2. Defendant HOLDINGS is a corporation, organized and existing under the laws of the State of Utah, is successor in interest by merger with PHSG Holdings, Inc., an Arizona corporation and is the holding company for an affiliated registered broker-dealer of securities that is incorporated, organized, exists and transacts business in the State of Arizona. The affiliated Arizona broker-dealer is registered with the United States Securities and Exchange Commission. At all times relevant to this information, defendant HOLDINGS was controlled by nine principals who maintained beneficial ownership of one hundred percent of the shares of HOLDINGS. HOLDINGS, the owner of one hundred percent of the shares of the affiliated Arizona broker-dealer, supervised and controlled the activities of the affiliated Arizona broker-dealer. HOLDINGS, through the activities of its Arizona broker-dealer, was required to maintain certain books and records, in accordance with the United States securities laws, rules and regulations and enforced by the United States Securities and Exchange Commission.
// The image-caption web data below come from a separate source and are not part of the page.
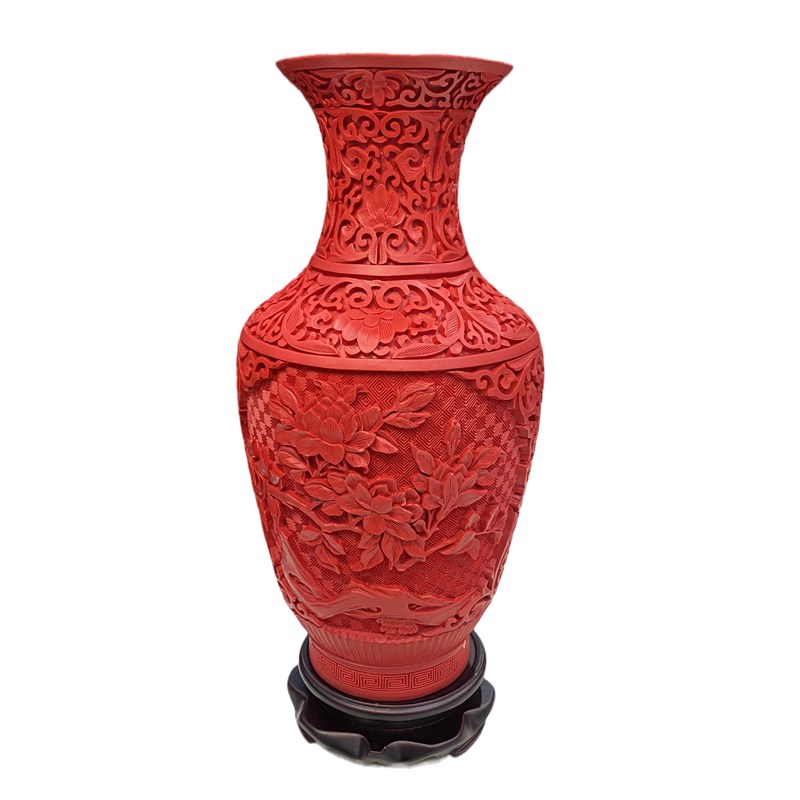 雕漆剔红漆器寸花瓶摆件家居酒柜客厅玄关书房办公室桌件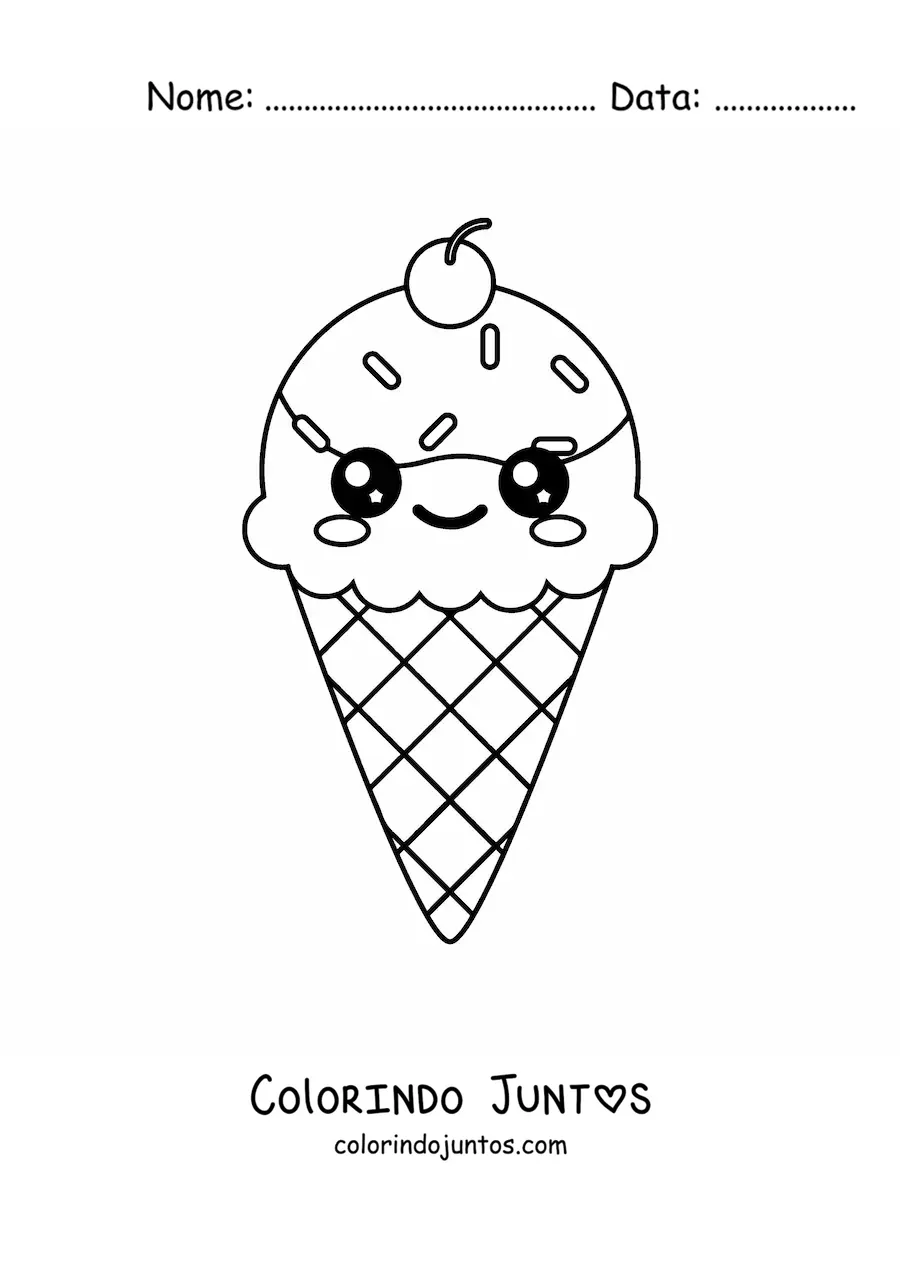 Desenho para colorir de casquinha de sorvete kawaii fácil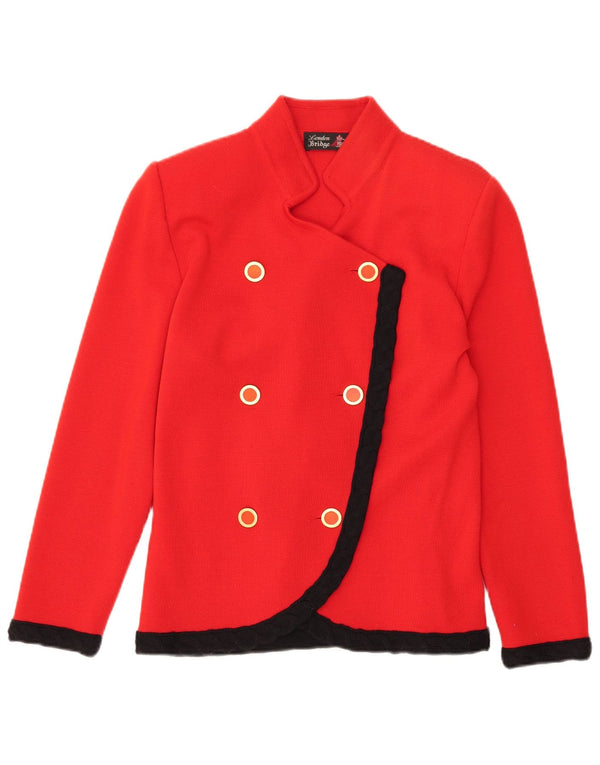 Jachetă vintage pentru femei cu piept dublu IT 42 Medium Red Colorblock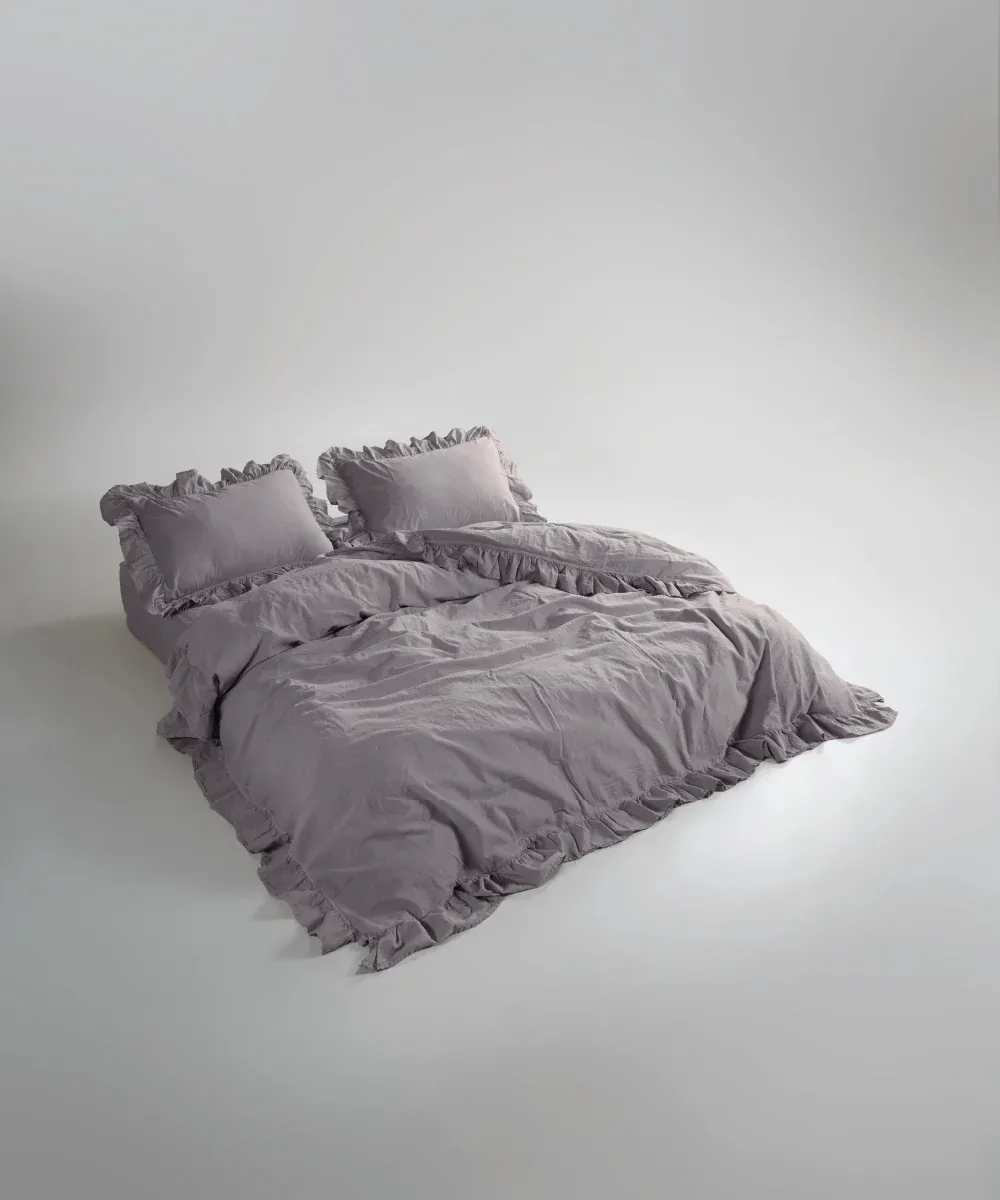 Постільна білизна Stonewashed Exclusive Ranforse 200 × 220 см (євро) Opal Grey від Limasso - Зображення 3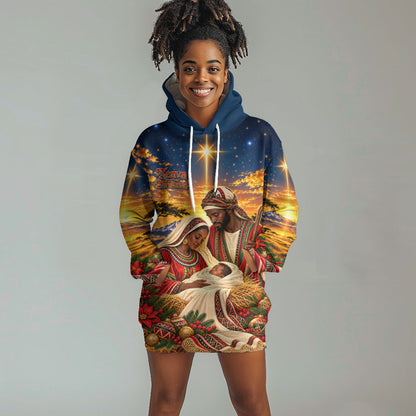 Kenya Christmas African Holy Family Hoodie Dress Savanna Sunset Baby Jesus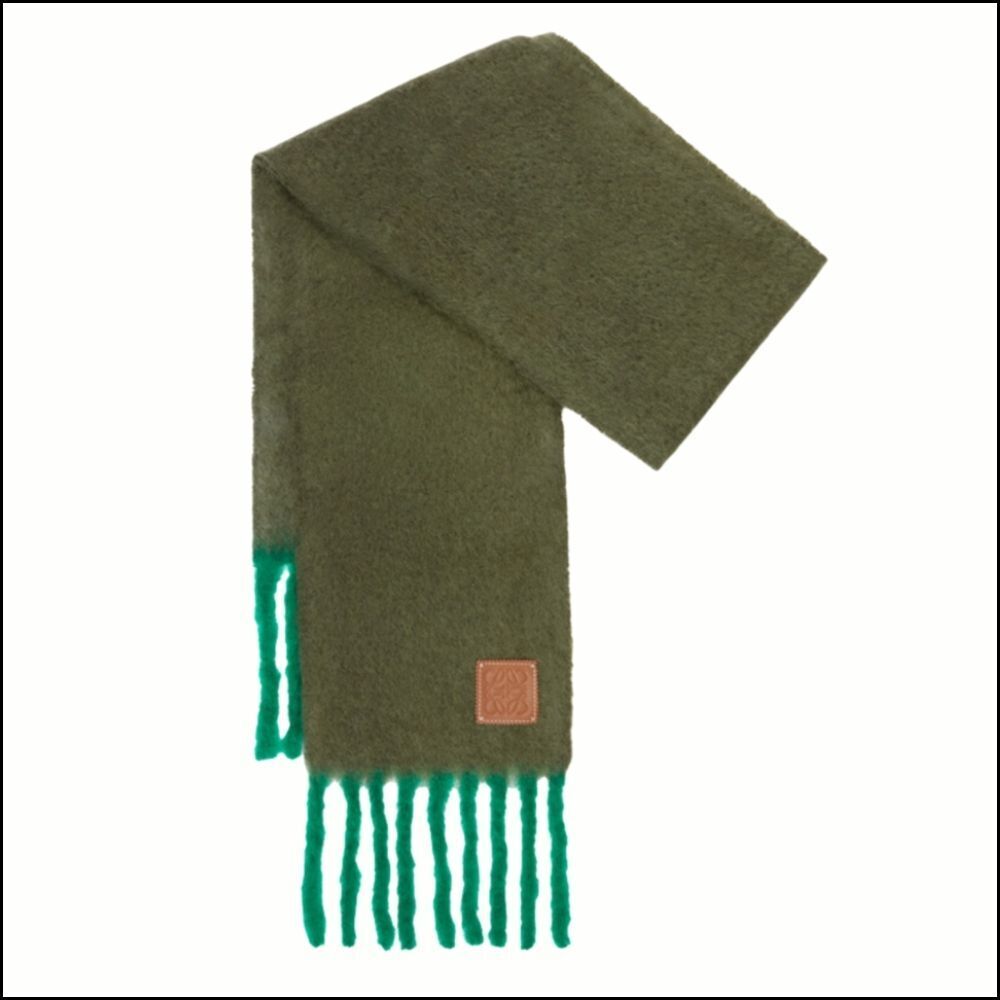 【LOEWE】Mohair Wool Muffler Khaki Green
3. Whenever this Information refers to any act, deed or transaction of a corporation, the allegations mean that the corporation engaged in the act, deed or transaction by or through its officers, directors, agents, employees, or representatives while they were actively engaged in the management, direction, control or transaction of the corporation's business or affairs.
II. THE CHARGED OFFENSE
4. Beginning at least as early as April 1993, and continuing into at least October 1993, the exact dates being unknown to the United States, in the Northern District of California and elsewhere, defendant HOLDINGS did aid and abet and unlawfully, wilfully and knowingly caused and failed to make and to keep such records as the United States Securities and Exchange Commission, by rule, has prescribed as necessary and appropriate to the public interest, that is:
HOLDINGS, through the action of certain officers and directors of its affiliated Arizona broker-dealer, unlawfully, wilfully and knowingly caused to be made, kept and maintained erroneous, incorrect and false books and records, including but not limited to an invoice dated September 27, 1993, that erroneously and incorrectly stated that a payment of $118,428.75 to the Arizona broker-dealer, by a California corporation, located in the Northern District of California, was for professional services, including analysis of escrows, rendered by the Arizona broker-dealer affiliate in conjunction with eight municipal bond refundings in the States of California and Washington, when the payment was, in fact, obtained for a referral, to the firm located in the Northern District of California, by the affiliated Arizona broker-dealer, of business associated with the placement of a forward purchase agreement, in connection with a different refunding.
ALL IN VIOLATION OF 15 U.S.C. §§ 78q, 78ff, 17 C.F.R. § 240.17a; and 18 U.S.C. §2.